• _Short web captions_
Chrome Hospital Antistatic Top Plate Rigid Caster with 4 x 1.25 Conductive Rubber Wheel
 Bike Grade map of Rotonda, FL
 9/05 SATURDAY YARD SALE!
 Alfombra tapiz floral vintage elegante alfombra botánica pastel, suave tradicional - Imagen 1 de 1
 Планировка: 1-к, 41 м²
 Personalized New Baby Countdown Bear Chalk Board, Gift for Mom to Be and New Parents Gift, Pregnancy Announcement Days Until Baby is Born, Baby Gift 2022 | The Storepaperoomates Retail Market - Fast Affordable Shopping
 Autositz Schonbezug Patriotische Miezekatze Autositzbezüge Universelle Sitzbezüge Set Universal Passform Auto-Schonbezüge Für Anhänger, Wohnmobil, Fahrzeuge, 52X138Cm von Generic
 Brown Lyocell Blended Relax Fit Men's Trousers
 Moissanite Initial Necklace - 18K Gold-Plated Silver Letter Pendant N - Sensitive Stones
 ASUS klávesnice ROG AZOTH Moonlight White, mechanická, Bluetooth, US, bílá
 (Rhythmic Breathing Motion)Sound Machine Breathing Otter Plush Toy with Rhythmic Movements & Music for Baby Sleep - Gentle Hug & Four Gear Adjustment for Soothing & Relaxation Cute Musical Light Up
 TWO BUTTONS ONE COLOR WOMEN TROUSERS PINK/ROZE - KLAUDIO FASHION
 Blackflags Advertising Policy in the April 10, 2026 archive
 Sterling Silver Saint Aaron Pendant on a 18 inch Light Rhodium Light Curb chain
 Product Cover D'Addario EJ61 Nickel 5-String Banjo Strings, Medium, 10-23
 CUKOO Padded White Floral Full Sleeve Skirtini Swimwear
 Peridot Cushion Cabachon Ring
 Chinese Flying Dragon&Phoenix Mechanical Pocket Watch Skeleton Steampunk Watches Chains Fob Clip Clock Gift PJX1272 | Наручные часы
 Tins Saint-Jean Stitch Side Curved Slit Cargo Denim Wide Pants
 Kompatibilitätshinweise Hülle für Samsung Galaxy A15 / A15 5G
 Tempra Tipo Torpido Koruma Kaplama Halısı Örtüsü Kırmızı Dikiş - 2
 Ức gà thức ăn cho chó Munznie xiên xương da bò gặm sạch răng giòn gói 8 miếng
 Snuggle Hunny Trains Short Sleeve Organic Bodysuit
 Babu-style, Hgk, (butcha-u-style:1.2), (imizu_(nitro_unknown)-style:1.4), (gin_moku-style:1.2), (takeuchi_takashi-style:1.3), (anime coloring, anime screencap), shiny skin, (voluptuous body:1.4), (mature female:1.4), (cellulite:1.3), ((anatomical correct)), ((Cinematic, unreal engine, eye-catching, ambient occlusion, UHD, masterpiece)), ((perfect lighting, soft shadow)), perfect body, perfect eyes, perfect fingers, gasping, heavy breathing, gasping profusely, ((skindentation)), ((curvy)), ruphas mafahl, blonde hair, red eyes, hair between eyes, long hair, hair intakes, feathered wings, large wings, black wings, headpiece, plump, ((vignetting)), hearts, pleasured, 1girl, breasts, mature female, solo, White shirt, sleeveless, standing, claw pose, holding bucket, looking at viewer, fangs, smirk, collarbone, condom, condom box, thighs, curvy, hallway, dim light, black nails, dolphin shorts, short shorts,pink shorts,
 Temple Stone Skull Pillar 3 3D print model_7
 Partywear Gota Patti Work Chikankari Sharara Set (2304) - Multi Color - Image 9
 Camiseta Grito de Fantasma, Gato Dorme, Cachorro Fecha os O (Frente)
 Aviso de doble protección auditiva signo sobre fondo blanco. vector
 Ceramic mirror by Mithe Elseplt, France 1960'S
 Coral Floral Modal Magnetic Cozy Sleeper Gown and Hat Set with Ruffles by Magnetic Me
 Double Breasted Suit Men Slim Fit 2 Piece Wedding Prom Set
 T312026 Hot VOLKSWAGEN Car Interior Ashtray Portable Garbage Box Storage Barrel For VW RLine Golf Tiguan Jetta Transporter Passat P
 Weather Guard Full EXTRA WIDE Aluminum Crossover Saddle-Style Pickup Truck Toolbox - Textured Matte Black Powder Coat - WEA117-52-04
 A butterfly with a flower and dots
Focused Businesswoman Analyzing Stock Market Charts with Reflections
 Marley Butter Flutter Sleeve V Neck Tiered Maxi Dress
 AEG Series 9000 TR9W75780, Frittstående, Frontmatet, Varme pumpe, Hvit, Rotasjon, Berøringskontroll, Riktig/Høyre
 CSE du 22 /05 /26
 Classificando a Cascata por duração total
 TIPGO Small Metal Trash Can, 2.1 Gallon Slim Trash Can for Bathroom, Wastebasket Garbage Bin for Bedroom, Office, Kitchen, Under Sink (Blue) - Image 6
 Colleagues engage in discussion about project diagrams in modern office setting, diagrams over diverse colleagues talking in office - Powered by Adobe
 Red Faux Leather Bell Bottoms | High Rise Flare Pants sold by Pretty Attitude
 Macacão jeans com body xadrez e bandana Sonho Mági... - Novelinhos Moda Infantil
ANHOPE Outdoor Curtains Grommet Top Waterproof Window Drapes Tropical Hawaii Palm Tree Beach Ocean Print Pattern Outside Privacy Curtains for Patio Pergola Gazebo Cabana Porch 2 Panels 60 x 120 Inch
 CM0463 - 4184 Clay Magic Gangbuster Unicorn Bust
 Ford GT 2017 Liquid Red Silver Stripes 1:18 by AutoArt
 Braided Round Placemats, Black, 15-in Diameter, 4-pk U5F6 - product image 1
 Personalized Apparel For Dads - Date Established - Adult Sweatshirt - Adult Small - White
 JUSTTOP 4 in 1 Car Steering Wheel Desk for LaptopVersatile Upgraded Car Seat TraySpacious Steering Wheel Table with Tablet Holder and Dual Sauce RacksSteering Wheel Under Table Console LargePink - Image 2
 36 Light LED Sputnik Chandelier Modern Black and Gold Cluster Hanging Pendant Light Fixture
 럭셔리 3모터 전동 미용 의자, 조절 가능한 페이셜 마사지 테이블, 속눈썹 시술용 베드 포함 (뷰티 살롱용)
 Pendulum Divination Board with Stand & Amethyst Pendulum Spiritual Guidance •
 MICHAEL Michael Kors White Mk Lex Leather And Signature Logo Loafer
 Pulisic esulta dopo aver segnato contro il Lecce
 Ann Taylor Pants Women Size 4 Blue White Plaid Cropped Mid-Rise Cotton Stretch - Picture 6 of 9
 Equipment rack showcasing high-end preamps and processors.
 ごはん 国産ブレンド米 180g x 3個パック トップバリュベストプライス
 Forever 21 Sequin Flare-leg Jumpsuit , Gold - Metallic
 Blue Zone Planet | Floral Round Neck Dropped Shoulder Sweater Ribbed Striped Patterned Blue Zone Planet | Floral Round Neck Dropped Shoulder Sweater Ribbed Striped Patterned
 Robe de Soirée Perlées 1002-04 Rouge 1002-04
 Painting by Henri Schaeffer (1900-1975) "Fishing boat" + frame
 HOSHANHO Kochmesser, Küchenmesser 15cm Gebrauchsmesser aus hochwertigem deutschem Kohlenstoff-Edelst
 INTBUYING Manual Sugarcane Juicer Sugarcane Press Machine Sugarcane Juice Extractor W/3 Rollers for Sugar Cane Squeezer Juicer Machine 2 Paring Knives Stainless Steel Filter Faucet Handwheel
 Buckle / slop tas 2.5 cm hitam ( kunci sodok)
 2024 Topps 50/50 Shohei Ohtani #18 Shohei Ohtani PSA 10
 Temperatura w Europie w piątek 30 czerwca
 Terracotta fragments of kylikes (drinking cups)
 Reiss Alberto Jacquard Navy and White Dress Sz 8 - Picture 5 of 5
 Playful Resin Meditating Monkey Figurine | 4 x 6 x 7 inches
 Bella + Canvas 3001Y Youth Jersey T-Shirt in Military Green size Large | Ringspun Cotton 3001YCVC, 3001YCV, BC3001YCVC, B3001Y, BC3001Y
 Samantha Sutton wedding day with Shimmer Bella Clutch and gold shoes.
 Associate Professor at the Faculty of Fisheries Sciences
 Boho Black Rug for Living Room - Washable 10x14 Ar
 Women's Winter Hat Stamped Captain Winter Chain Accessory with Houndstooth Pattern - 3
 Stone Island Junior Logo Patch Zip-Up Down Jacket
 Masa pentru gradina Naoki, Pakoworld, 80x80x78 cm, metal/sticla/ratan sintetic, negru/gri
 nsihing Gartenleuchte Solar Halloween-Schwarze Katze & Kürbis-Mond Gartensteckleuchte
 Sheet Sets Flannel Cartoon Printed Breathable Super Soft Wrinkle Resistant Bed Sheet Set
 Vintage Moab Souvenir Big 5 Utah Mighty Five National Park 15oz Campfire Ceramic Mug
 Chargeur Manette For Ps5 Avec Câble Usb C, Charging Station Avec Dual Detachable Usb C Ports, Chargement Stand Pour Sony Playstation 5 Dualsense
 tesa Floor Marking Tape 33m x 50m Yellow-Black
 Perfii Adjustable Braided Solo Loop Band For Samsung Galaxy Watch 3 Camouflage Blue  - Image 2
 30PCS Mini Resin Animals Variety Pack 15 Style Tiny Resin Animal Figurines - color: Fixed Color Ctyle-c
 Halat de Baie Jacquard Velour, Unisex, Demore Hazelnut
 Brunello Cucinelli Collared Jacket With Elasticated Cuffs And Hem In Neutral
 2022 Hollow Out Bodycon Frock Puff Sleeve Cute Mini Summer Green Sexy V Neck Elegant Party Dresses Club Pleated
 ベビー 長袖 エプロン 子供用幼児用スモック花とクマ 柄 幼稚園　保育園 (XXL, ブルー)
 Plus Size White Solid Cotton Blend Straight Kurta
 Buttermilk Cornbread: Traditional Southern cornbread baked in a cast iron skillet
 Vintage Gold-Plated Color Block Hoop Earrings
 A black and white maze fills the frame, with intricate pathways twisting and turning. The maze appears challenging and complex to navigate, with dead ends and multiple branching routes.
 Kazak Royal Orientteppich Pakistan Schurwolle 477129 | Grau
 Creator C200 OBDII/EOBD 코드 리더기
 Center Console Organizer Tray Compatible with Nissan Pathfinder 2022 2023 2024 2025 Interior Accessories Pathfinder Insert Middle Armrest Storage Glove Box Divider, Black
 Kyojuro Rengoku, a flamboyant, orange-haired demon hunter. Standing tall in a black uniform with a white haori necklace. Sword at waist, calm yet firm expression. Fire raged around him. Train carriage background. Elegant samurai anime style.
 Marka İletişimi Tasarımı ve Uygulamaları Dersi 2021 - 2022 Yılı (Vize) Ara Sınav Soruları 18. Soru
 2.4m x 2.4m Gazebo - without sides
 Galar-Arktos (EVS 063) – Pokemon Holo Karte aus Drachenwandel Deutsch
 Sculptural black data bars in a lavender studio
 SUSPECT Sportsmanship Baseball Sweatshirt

• _Task_
Here the output must be the lines above from the line with "Robe de Soirée Perlées 1002-04 Rouge 1002-04" to the line with "HOSHANHO Kochmesser, Küchenmesser", both included, duplicated word for word and nothing else.

• _Response area_
 Robe de Soirée Perlées 1002-04 Rouge 1002-04
 Painting by Henri Schaeffer (1900-1975) "Fishing boat" + frame
 HOSHANHO Kochmesser, Küchenmesser 15cm Gebrauchsmesser aus hochwertigem deutschem Kohlenstoff-Edelst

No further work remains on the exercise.